Regular expression operations in R, such as
gsub, sometimes have
significant performance overheads due to encoding conversions.
Some R code tries to mitigate this by ignoring input encodings and
pretending it is fine to work on individual bytes (via
This removes such overheads, but produces correct results only in special
cases, e.g. for simple regular expressions in UTF-8. With the current
strsplit in R, this can also silently
introduce invalid strings, which may cause invalid results or errors in
further processing. Changes in R are planned to reduce these risks.
This blog post presents performance improvements implemented in R-devel, the
development version of R, to reduce the incentive for using
I’ve implemented several optimizations based on micro-benchmarks operating on the text of Ulysses by James Joyce, from the Gutenberg project. 18% input lines have some non-ASCII characters (usually fancy quotes).

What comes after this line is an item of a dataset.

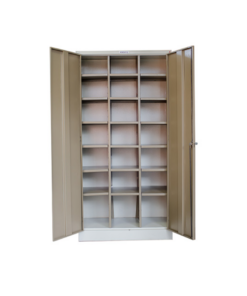 21 Compartment Pigeonhole Cabinet With Doors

I’ve used several arbitrary regular expressions: “a” and " " (to get many matches), “XXX” (to get no matches), “[aeiou]” (a group, many matches). I also had an artificial variant with very long lines of input.
I am using different inputs for evaluation in this blog post, for which I’ve not tuned the code.
The Lodger by Marie Belloc Lowndes is available both in English and in Japanese. The English version has 35% non-ASCII input lines, the Japanese 80%.
As regexps, lets use “XXX”, “London”, “the”, “[Tt ]” for the English version and “XXX”, “ロンドン”, “し”, “[し。]” for the Japanese version. Lets use “REP” as replacement. To avoid measuring noise, repeat the text 100x, so use many lines of the original text (“long” data). Alternatively, repeat text on each line 100x (“wide” data).
Regexp engines used by R have a mode supporting Unicode. In this mode, all inputs must be converted to a specific encoding.
TRE, used to implement POSIX Extended regular expressions, works in wide characters (UTF-16LE on Windows and UTF-32LE/BE on Unix). R never stores strings internally in wide characters and hence it always has to convert inputs before passing them to TRE and may have to do some conversions “back” to UTF-8 when producing outputs.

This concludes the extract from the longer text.